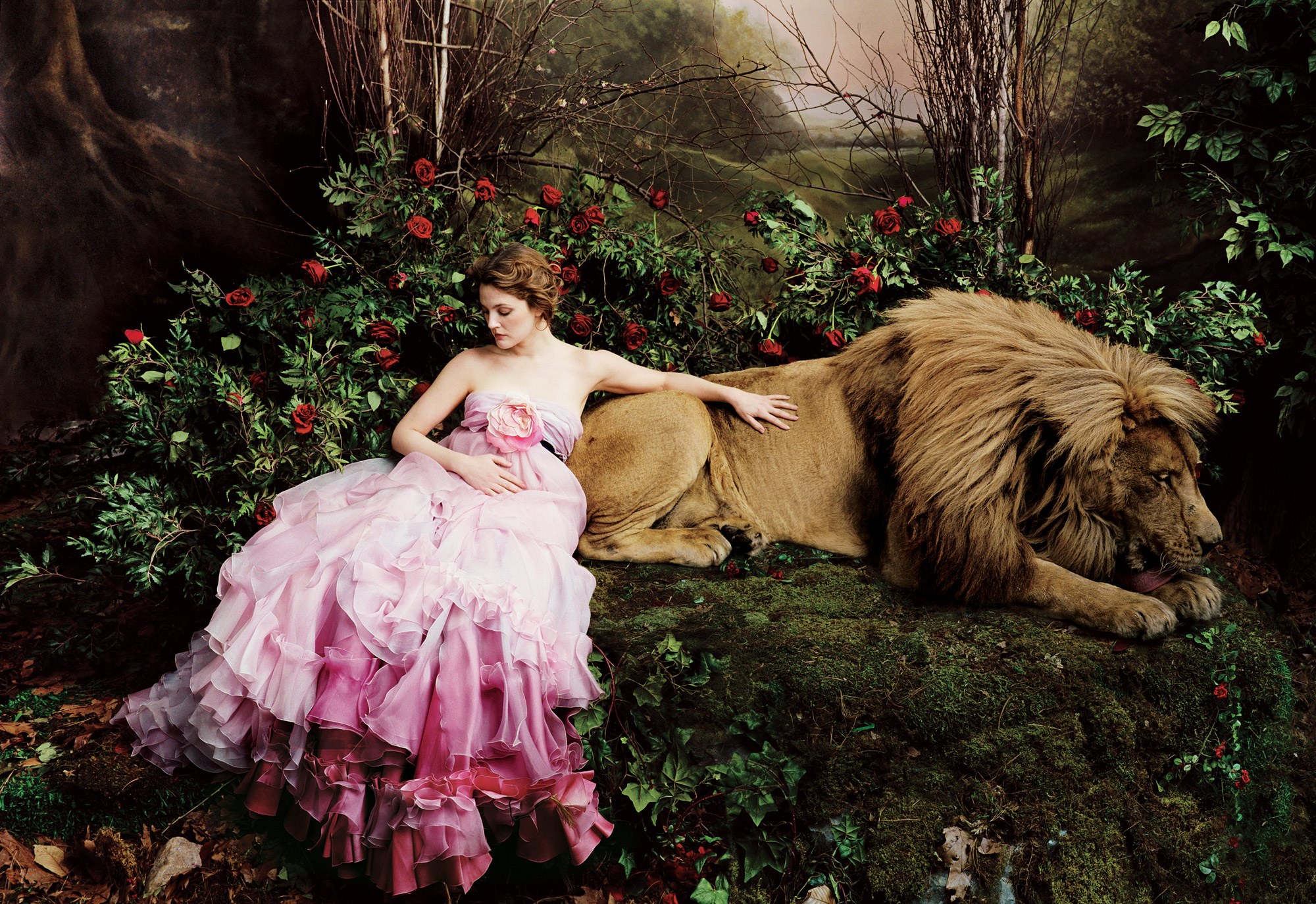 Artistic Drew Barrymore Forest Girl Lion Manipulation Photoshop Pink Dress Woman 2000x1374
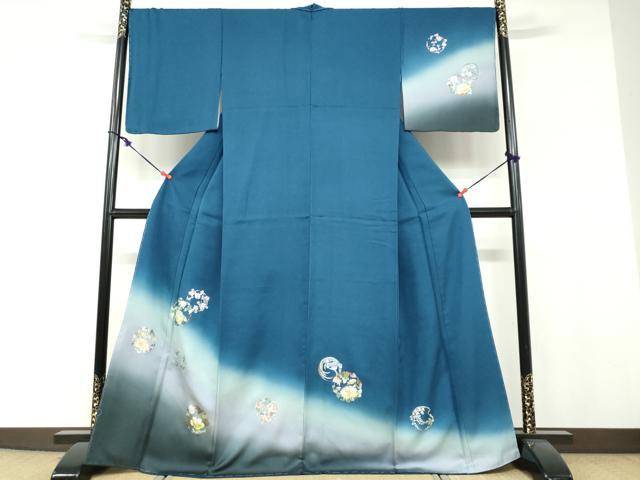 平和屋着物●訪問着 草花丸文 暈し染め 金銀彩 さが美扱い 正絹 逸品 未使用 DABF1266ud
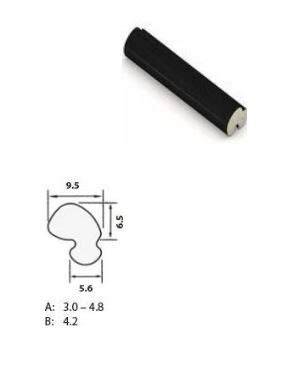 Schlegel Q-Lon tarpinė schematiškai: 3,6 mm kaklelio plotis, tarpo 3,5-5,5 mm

•••

> [Assignment]:
Reprint the listing above verbatim but drop the images.

> [Solution for this exercise]:
 Artistic Drew Barrymore Forest Girl Lion Manipulation Photoshop Pink Dress Woman 2000x1374
 平和屋着物●訪問着 草花丸文 暈し染め 金銀彩 さが美扱い 正絹 逸品 未使用 DABF1266ud
 Schlegel Q-Lon tarpinė schematiškai: 3,6 mm kaklelio plotis, tarpo 3,5-5,5 mm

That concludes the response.